What are the estimated savings from this initiative?

Estimated drug treatment acquisition, preparation and delivery cost avoidance directly attributed to the IV-IV dosage stepdown initiative for both ceftriaxone and ceftazidime during the 6-month period was $9900.00. This initiative also resulted in further streamlining of antibiotic therapy by switching to another antibiotic when warranted or by facilitating timely discontinuation of the target antibiotics. Savings associated with these latter treatment modifications have not been quantified.

This latest IV-IV dosage stepdown initiative has proven to be a safe, effective and cost efficient process.

References

1. Brogden RN, Ward A. Ceftriaxone. A reappraisal of its antibacterial activity and pharmacokinetic properties, and an update on its therapeutic use with particular reference to once-daily administration. Drugs 1988;35:604-45.

2. Low DE, Mandell LA. A prospective open-label multicentre trial on the use of 1g, once daily cetriaxone in lower respiratory tract infections. Can J Infect Dis 1994;5 Suppl C:3C-7C.

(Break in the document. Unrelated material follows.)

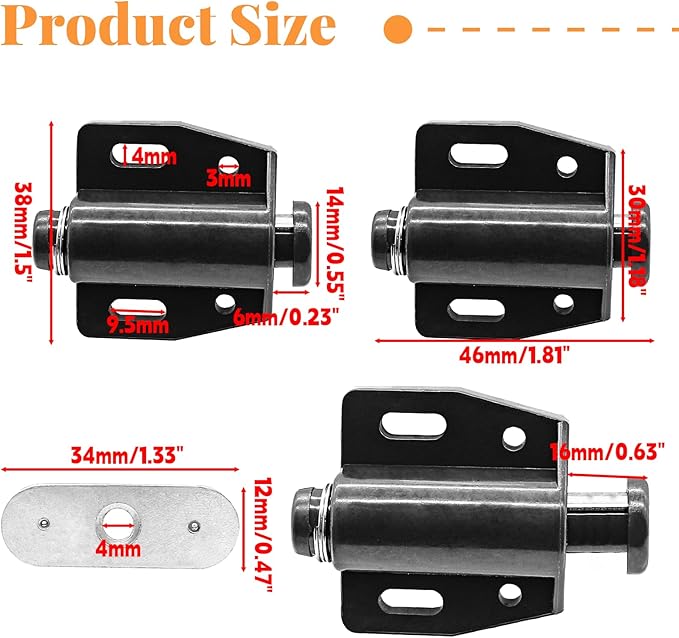 2 Pack Cabinet Magnetic Touch Latch, Push to Open Catches Magnet Push Release Latches Hardware for Kitchen Cabinet Drawer Cupboard Closet Door (Black)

3. Richards DM et al. Ceftriaxone. A review of its antibacterial activity, pharmacological properties and therapeutic use. Drugs 1984;27:469-586.

4. Smith BR. Cefsulodin and ceftazidime, two antipseudomonal cephalosporins. Clin Pharm 1984;3:373-83.

5. Rains CP, Bryson HM, Peters DM. Ceftazidime. An update of its antibacterial activity, pharmacokinetic properties and therapeutic efficacy. Drugs 1995;49:577-617.